PWC 058: Task #1, Compare Version & Task #2, Ordered Lineup
I usually am bored with string twisting (as opposed to bit twiddling) because there is a certain level of grunt work, even with such classics as ELIZA and FESTOON and I can easily fall down the rabbit hole of trying to get pluralization perfect. So when the exciting topic of version numbers came up, I would have passed, but we perfectionists have to finish one to get to two....
Plus there was one thing that I liked, the problem was set up as a comparison operator, like
cmp, suitable for use in a sort routine. Whomever you are out there, with a need to sort thousands of version strings via perl, this script is for you ;-)
Input is on the command line. The versions will be compared in pairs. Creating a version sort routine of command line arguments was considered, but I decided to emulate the problem statement example output instead.

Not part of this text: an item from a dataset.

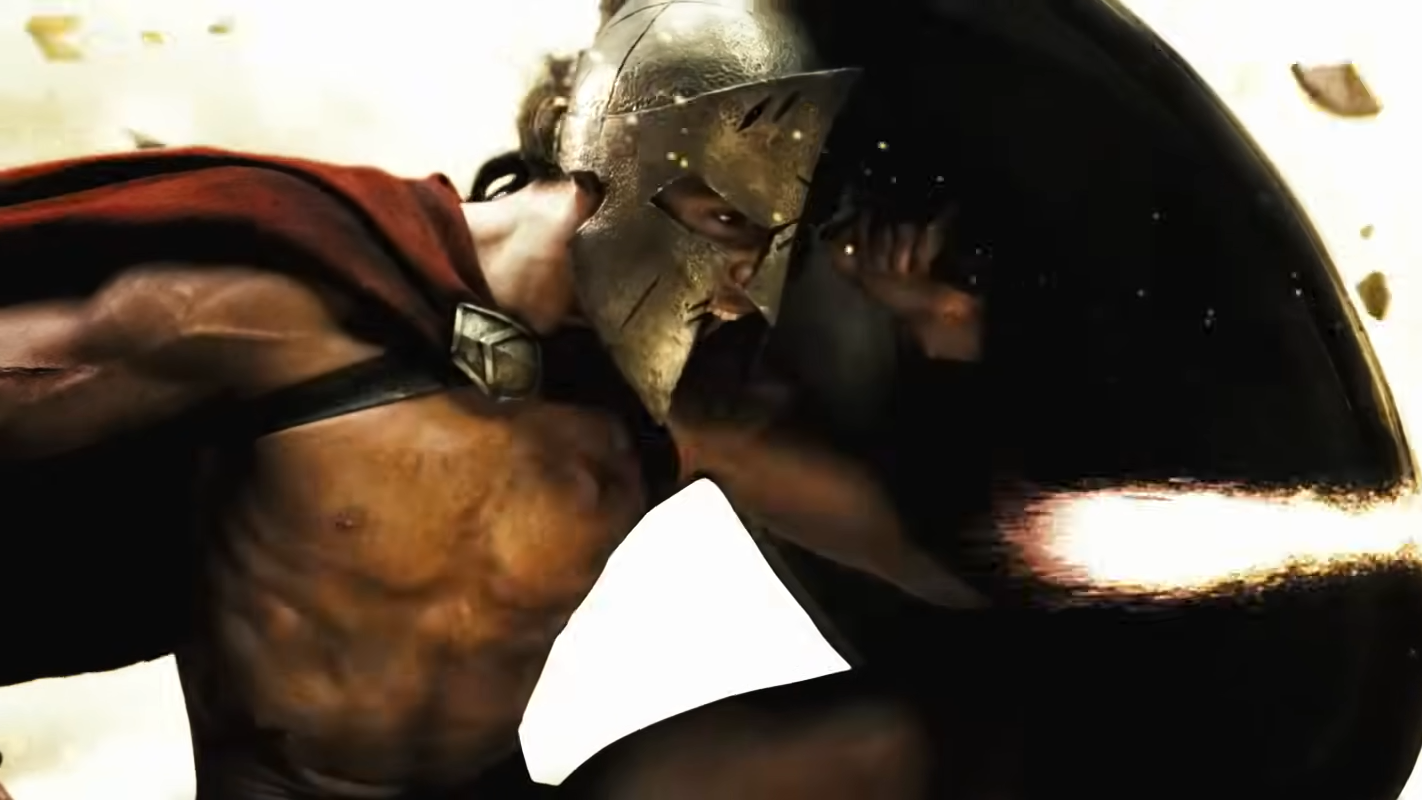 A shirtless Spartan warrior lifts his shield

When mimicking the functionality of
cmp one of the first things to consider is using the functionality of
cmp directly. Using the numerical
<=> comparison operator is one of my favorite things because I like non-alphabetic typography, I am a perl coder after all, but it bogs down into examining a lot of separate subversion positions with various edge cases. Using the lexicographic comparison operator,
cmp, allows a single comparison of the entire version string against another as long as a few details are handled:
- The version and subversion fields will sort numerically if they are the same length; therefore the version and subversion numbers must be left padded by zeros in their fields.
- The production and alpha versions as denoted by the delimiters '.' vs '_' will have to compare correctly. This is done by turning the delimiters into fields themselves, with '.' being given value 1 and '_' being given value 0.

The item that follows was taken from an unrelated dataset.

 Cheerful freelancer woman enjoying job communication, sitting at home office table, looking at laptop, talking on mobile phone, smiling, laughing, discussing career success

- Comparing alphabetically yet keeping all the characters within the ten Hindu-Arabic numerals avoids worrying about what character encoding is being used. If your favorite encoding doesn't sort 0, 1, ..., 9 the standard way, you aren't really into this anyway, I'm assuming.
All the magic is in the
vercmp routine, with the first action taken being to validate the input. The first validation, that no extraneous characters are in the version strings is about the only one that is a must. The other validations flag a missing number at the front of the first delimiter, in between two adjacent delimiters, or at the end of the last delimiter as an error. This is a matter of taste. You could just assume that any "missing number" should just be considered equivalent to zero and I wouldn't argue with you, but being lazy, I just reject as many boundary cases as I plausibly can. You get an indefinite number of subversion numbers, if that makes you feel better.

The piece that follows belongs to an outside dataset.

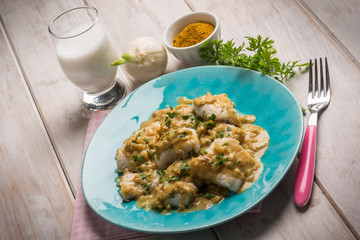 Wall Mural - fillet fish with coconut milk and curry sauce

Once the data is validated, everything quickly rolls downhill as I indicated:
- Change all delimiters in the original string: '.' becomes '.1.' and '_' becomes '.0.'
- Split the version strings on '.' and store each in its respective array.
- For each respective version/subversion field, zero pad the smaller string on the left to match the larger.
- For version strings that have fewer subversion fields than the version being compared against, supply the appropriate string of zeros to match the length of the field in the other version.
Then join the respective version arrays back together and use
cmp to produce the correct result.
Emulate the output format of the problem statement. Not much going on here other than minor accounting to keep all the comparisons lined up and looking nice.
- How do you eat an elephant?
- One bite at a time.
When faced with a list of heights, 2, 6, 4, 5, 1, 3, say, and a respective list of the number of "taller" heights appearing prior to a given height, 1, 0, 2, 0, 1, 2, say, where do you begin? With the shortest height, of course. (I said "of course" to distract you from asking how long it took me to think of this.)
In what follows, keep in mind that, since you are working with a list of unique heights, there will always be a smallest unique height in whatever subset of this list of heights you choose.
So you take a first bite out of this list of heights by removing the smallest one, what now? Well, that smallest height has a number of taller heights ahead of it. In the above example, the smallest height is 1 and the number of taller heights ahead of it in the output is 1. But every other height is taller than the smallest height. This means that there can only be one height in front of this smallest height, and this means that the smallest height in the list, 1, has to be in position 2 of the output list.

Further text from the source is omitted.